WORK REQUEST: Scan the records below for the line containing "Addison | Modern Knit-Sleeve Blazer" and the line containing "Discover Helldivers Vintage". Copy both, plus every line between, exactly.

------ AVAILABLE DATA ------

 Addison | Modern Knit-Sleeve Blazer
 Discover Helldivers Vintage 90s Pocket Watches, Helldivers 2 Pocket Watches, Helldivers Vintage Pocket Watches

------
------ AVAILABLE DATA ------

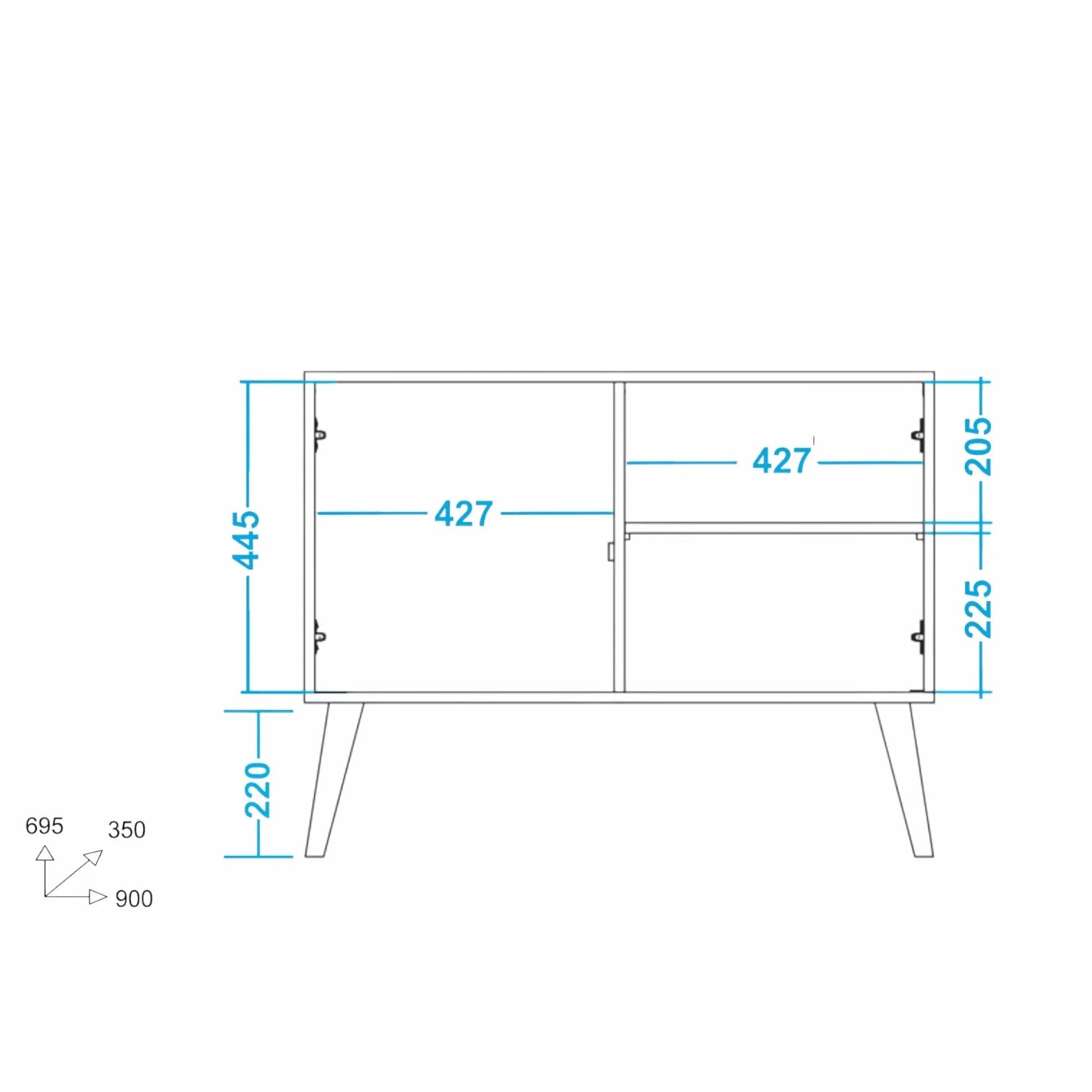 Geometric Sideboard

------

EXPECTED ANSWER:
 Addison | Modern Knit-Sleeve Blazer
 Discover Helldivers Vintage 90s Pocket Watches, Helldivers 2 Pocket Watches, Helldivers Vintage Pocket Watches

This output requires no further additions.